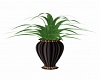 Ballare Vase Plant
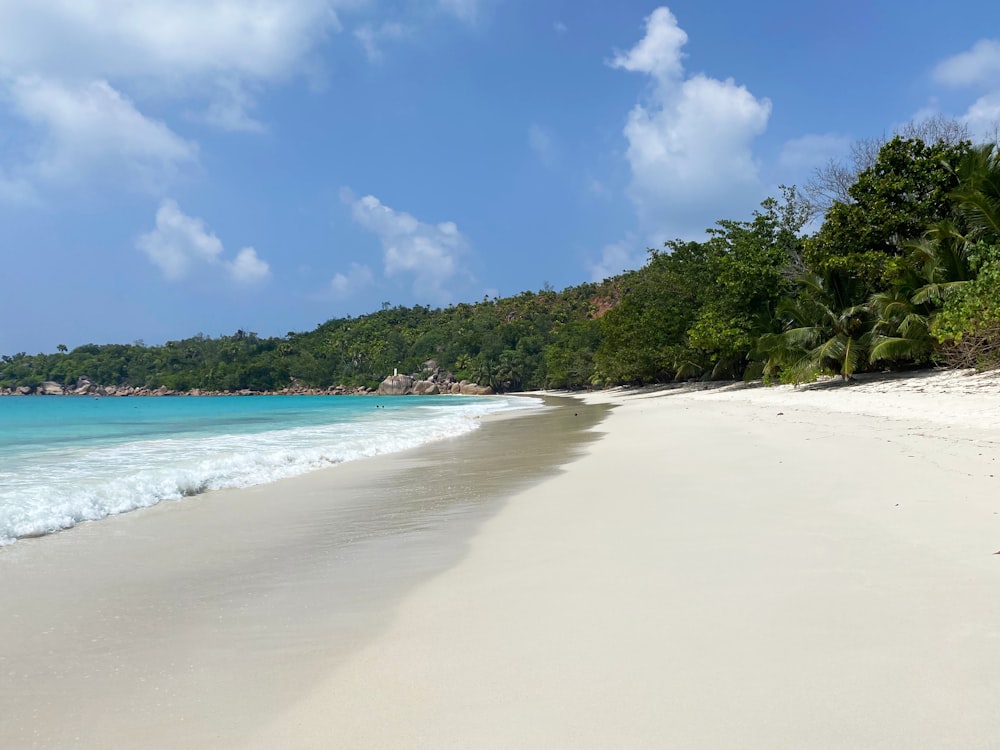 green trees on white sand beach during daytime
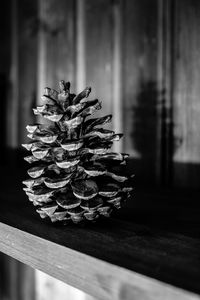Close-up of pine cone on table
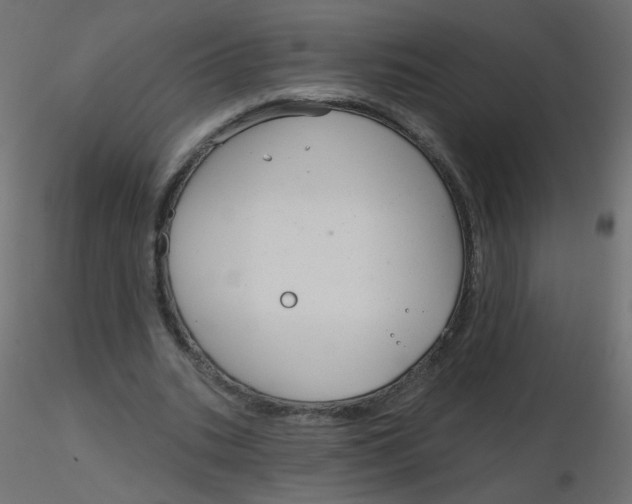 X0000116630535200912312202
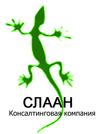 Финансовый консалтинг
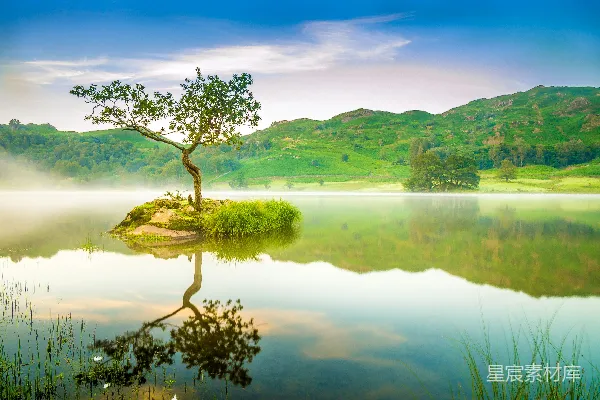 高清摄影 静谧湖畔的孤树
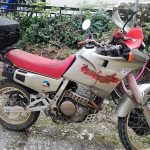 05012022klophionia003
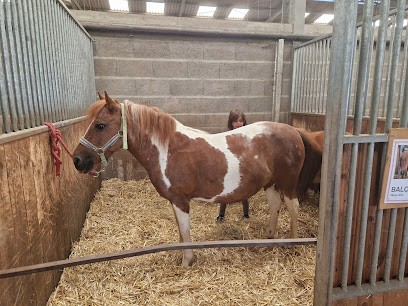 Le Stand'hippique 88, Centre Equestres à Neufchâteau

---*---

- WHAT YOU ARE ASKED TO DO:
What's needed is an exact copy of every entry, minus the pictures.

- YOUR RESPONSE:
 Ballare Vase Plant
 green trees on white sand beach during daytime
Close-up of pine cone on table
 X0000116630535200912312202
 Финансовый консалтинг
 高清摄影 静谧湖畔的孤树
 05012022klophionia003
 Le Stand'hippique 88, Centre Equestres à Neufchâteau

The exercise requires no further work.